EU Patents Won't Stay Dead
sconeu writes "Apparently the EC is ignoring the restart directive, and has placed software patents as an A-Item on the Council of Minister's agenda with an aim for approval on Monday." From the article: "The directive is pitched as offering greater protection for software developers. Opponents, including many in the European parliament, fear it will simply provide big players, including America's powerful and litigious software giants, with a very large stick to batter upstart developers and the Open Source movement." Update: 03/04 22:04 GMT by Z : And just as quick as you please Denmark stops things in their tracks. Denmark's objection means that there will have to be further debate before the patents get the stamp.
Sure, software patents protect small developers. That's why Carmack's Reverse is patented by 3DLabs (who John Carmack doesn't work for, and received royalties from Doom 3 sales), one-click ordering is patented by one of the online auction giants, and is why we're seeing elements of standard computing operations being patented on a weekly basis.
How does the patenting of the components and standard processes of computing protect the small developers if the small developers are no longer allowed to freely develop?
> If you are a lone programmer (or a small independent group) who comes up with
> something that you need to make money out of, patents genuinely help you.
Copyright helps me, having to do a patent search for every 15 lines of code helps nobody!
> that does not mean the spirit of software patents is wrong.
The spirit of software patents? Some things were excluded from patent protection for a good reason, math, literature and computer software included!
Its your representatives. If they are willing to get bought out by corporations that is your problem.
Yeah, a shame that these so called "representatives" aren't even elected, so they don't even answer to the citizens of the countries they "represent". Don't you find it odd that the elected portion of the EU repeatedly turned down software patents while these "representatives" are going full steam ahead?
the groupthink here won't allow me to expound on that, so I won't bother.
To counter groupthink, you'd have to first think, but most of the people who blindly defend software patents fail to do that.
What do you think will happen if this EU directive passes, and countries that previously did not accept software patents are forced to accept patents from those countries that do? You ARE aware that software patents are allowed in some countries, and that the EU is acting in its capacity to "smooth out" legal differences to facilitate trade right? Just wanted to make sure you're not spouting off bullshit about things you have no clue about.
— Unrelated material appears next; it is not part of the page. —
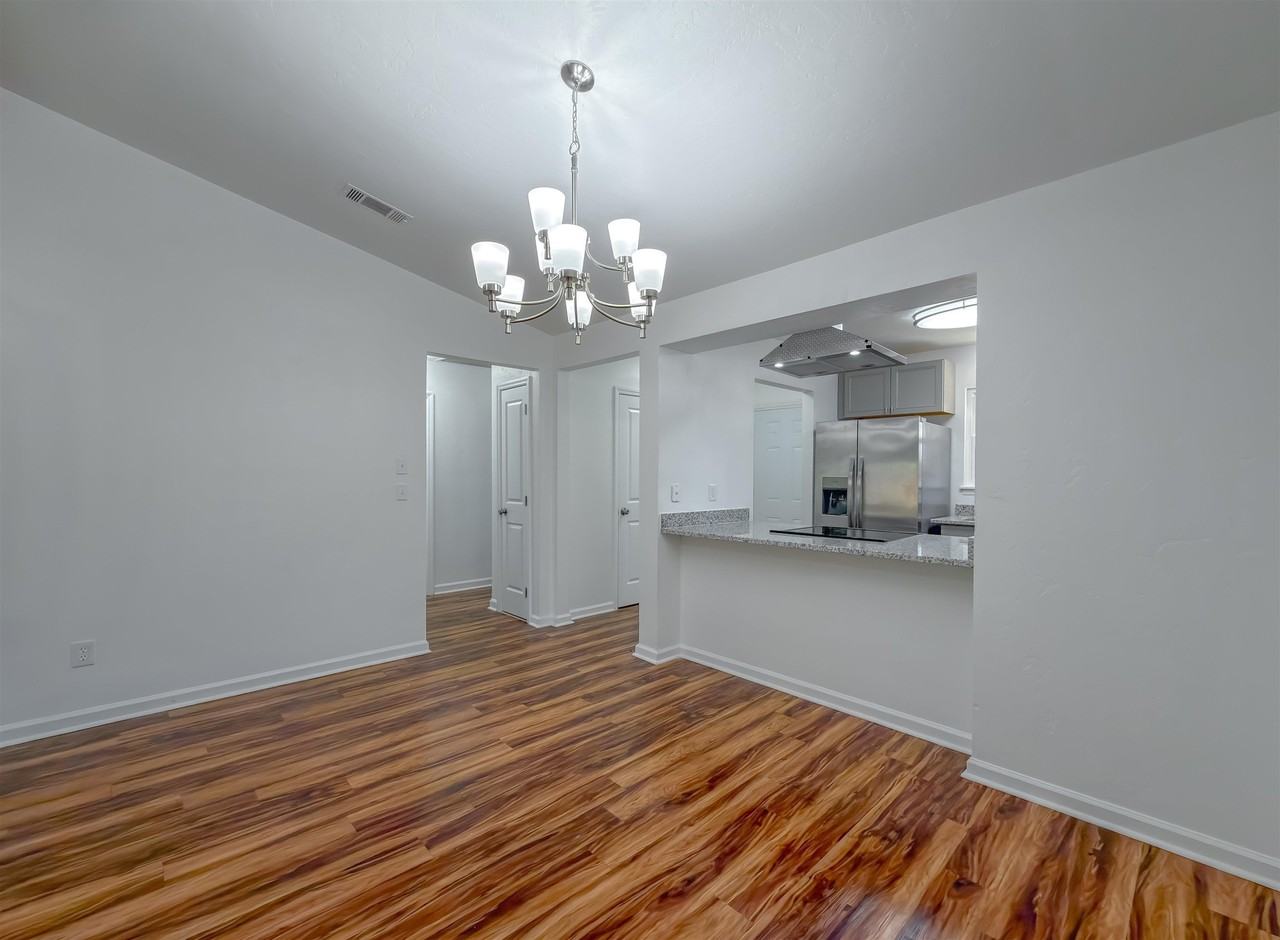 3022 Homewood Pl - Photo 7 of 50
So what happens when your 5-year-old product meets the 2-year-old patent that suddenly materializes from another country where they didn't care about your software as prior art?
Before you bitch and whine about groupthink, note that this post has nothing to do with goodness or badness of patents, or abuse of the patent system or anything, it simply points out that the change in patent law will allow companies in countries with patents to wake up one day and crush everyone else.
If I have been able to see further than others, it is because I bought a pair of binoculars.